Though I don't know about the boot you might need for your twin stick setup. :nabble_smiley_thinking:

It seems there are no compound curves, just simple folds.

Looking forward to whatever you figure out.

Progress is good!!! :nabble_smiley_good:

I don't think I need more clearance for the transfer case. I might get some contact when the Bronco flexes, and if that's annoying enough I might change my mind. But for now at least I'm happy with the 1-2 mm I have. So if I can cover up the hole where the sticks come though I'll be happy with that.

As to the twin sticks, they do make a double boot for that. I had one once, but it didn't work so well when I had the sticks coming through where the side of the tunnel was angled.

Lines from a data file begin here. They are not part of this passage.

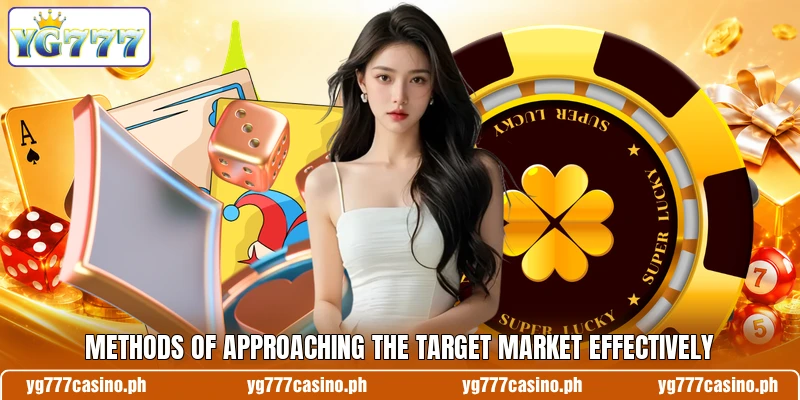 Methods of approaching the target market effectively Methods of approaching the target market effectively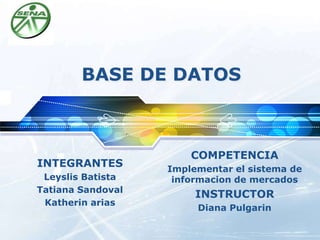 LOGO
BASE DE DATOS
INTEGRANTES
Leyslis Batista
Tatiana Sandoval
Katherin arias
COMPETENCIA
Implementar el sistema de
informacion de mercados
INSTRUCTOR
Diana Pulgarin
 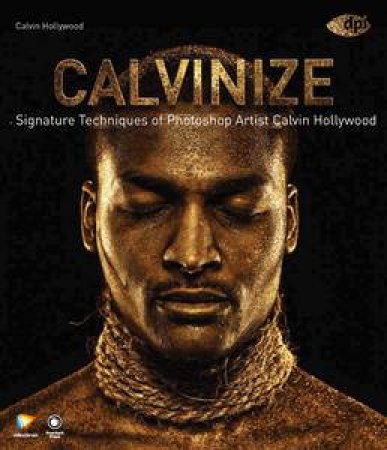 Calvinize: Signature Techniques of Photoshop Artist Calvin Hollywood by Calvin Hollywood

So I got two single boots and put them side by side. Now I think I'm going to get one of the double boots again and mount it on the top of the "box" I need to build around the tower. I'm thinking that will work out pretty well.

.... Can't wait to see the skid plate.

You and me both!

Have you thought about UHMW-PE (ultra-high molecular weight polyethylene)? The guys running RZR's swear by the stuff. I helped my neighbor put a set on his and he raved about it when he got back. Said its like having lubrication on your skid plate - it slides over rocks with ease.

But I don't know quite how you'd use it. The stuff for the RZR's comes formed and there's no place for a rock to catch an edge. So in flat sheets you'd have to create a frame that supports it and has places for it to bolt on, with recessed bolt heads.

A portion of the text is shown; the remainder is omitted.